Image: Creative Commons
When I was a young boy, I often traveled with my father across the Red Desert of Wyoming during his field work. The sage sea rolled endlessly in front of our eyes while the sights, sounds, and smells captured my imagination and my heart. I knew even then that these places were not something everyone got to experience and that even fewer truly appreciated them.
For sportsmen and women, the sagelands have taken on increasing importance in recent years. These areas are critical to the lives of numerous game species, the stage for our most cherished adventures and ground zero in the battle that will determine the fate of the greater sage-grouse.
We travel these lands hoping to find that elusive muley buck; we scour these lands for antler sheds during the spring; we take our families here to enjoy the intoxicating smell of the sage after a rain shower. We also live and work nearby and understand all too well that making a living in the rural West is different from the rest of the country.
Unfortunately, we are also firsthand witnesses to a landscape, and a species, in trouble. Overgrazing, mining, housing developments and widespread energy development are removing and degrading the sagelands at a rapid pace and pushing the iconic sage-grouse close to being listed under the Endangered Species Act (ESA), which would bring wide-ranging restrictions and threaten the diverse partnerships that have formed across the West seeking to collaboratively save the bird.
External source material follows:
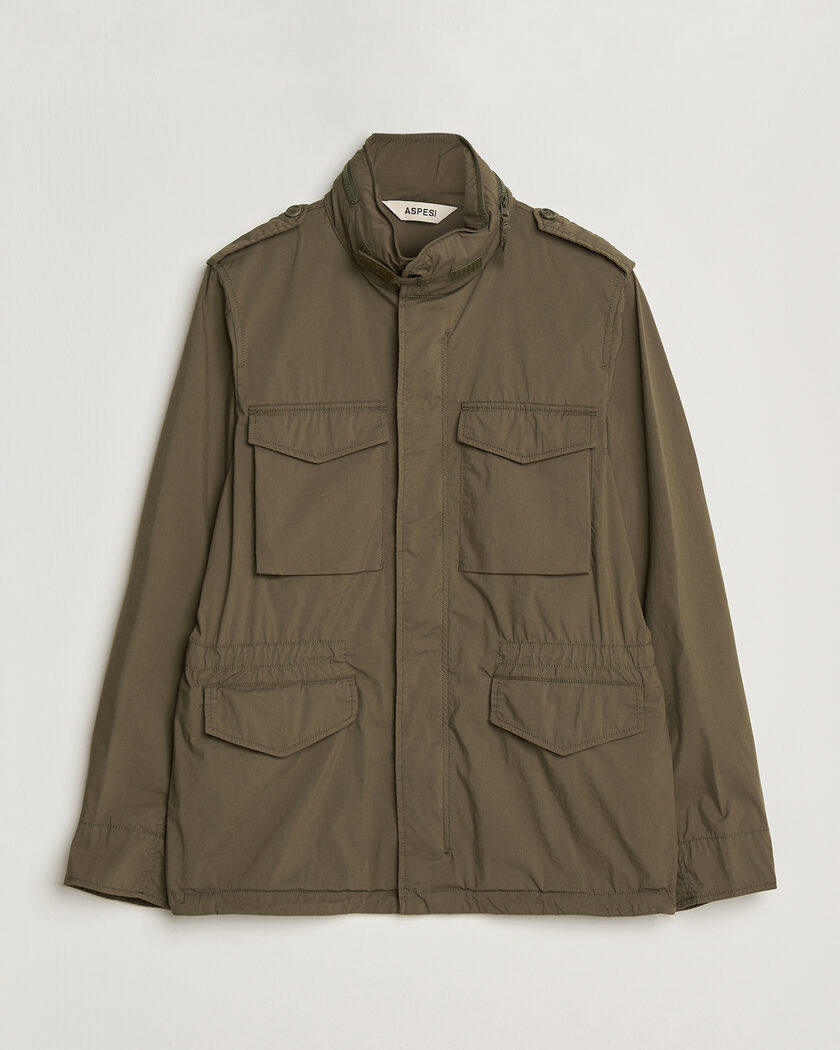 Aspesi Lightweight Cotton Field Jacket Military – Vihreä
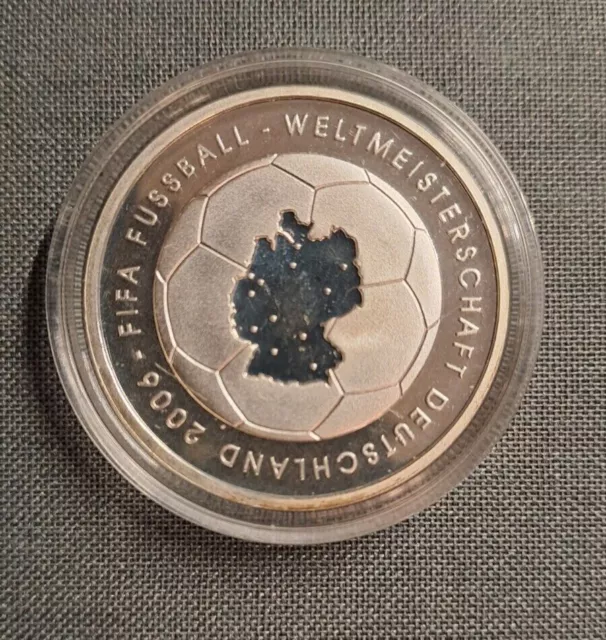 10 Euro Silber Münze in  PP -FIFA-Fußball-WM - Landkarte - mit Original Flyer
The BLM recently offered us a lifeline. We now have a blueprint for how to protect the bird, prevent an ESA listing, and perhaps bring this bird back to healthy, huntable levels. Their new plan protects the most critical areas such as leks and production and lays out a strategy to prevent and mitigate damage from wildfires and invasive species.
Sportsmen and women should get behind this far-reaching plan, behind the concept that we have an obligation to ensure the future of this bird and the uniquely American landscape they call home, and behind the future of conservation in the West. To do this we’ll need to support the BLM, advocate for the bird and its habitat, and spend our time having the hard conversations about how to live and work more responsibly in a world where we’ve pushed a symbol of the wild to the brink of existence.